En şaşırtıcı şey, tesisin neredeyse iki yıl daha çalışmaya devam etmesidir. Sadece mevcut hammaddelerin tamamen tükenmesinden sonra durduruldu.

Yaşam maliyeti - 2.000 $

Union Carbide, iddiaları yan kuruluşu Union Carbide India Limited'e havale ederek olaydaki suçunu kabul etmeyi reddetti. Nihayetinde, 1987'de Union Carbide, mahkeme dışı bir anlaşmada mağdurlara ve yaralı taraflara daha fazla davadan feragat etme karşılığında 470 milyon dolar ödedi.
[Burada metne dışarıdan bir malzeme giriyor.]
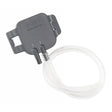 A black BW BWC4 Test Cap and Hose (BWC4-TC) by BW Technologies by Honeywell, featuring two short nozzles and clear tubing for gas detection calibration, shown on a white background.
Olayın ölçeği düşünüldüğünde bu miktar gülünçtü: kurbanların aileleri kaybedilen her yaşam için 2.100 dolardan daha azını aldı ve kurbanlara 500 ila 800 dolar arasında ödeme yapıldı.

Amerika Birleşik Devletleri'nde bir felaket olursa Union Carbide'ın ne kadar ödemek zorunda kalacağını hayal etmek zor. Ancak beyaz beyler, bazı Kızılderilileri eşitleri olarak görmediklerini bir kez daha gösterdi.

şartlı ceza

Felaketten sadece 26 yıl sonra, 2010'da bir mahkeme, Union Carbide'ın Hindistan şubesinin yedi eski liderine karşı bir karar verdi. Ölümcül ihmalden suçlu bulundular ve iki yıl denetimli serbestlik ve 2.100 ABD Dolarına eşdeğer bir para cezasına çarptırıldılar.

Union Carbide CEO'su Warren AndersonHintli yetkililerin kovuşturmaya çalıştığı herhangi bir cezadan kurtuldu. Hindistan'ın temasa geçtiği ABD makamları, Anderson'ın Bhopal felaketine karıştığına dair bir kanıt bulunmadığını söyledi.

Warren Anderson, 2014 yılında Florida'da bir huzurevinde 92 yaşında öldü.

Hintli yetkililere göre, şu anda felaketin sonuçları tamamen aşıldı. Bhopal sakinleri farklı düşünüyor: Hiç temizlenmemiş zehirli bir toprakta yaşadıklarını ve "gaz gecesinden" onlarca yıl sonra doğan çocukların ebeveynlerinin zehirlenmesinden kaynaklanan kalıtsal hastalıklardan muzdarip olduklarını söylüyorlar.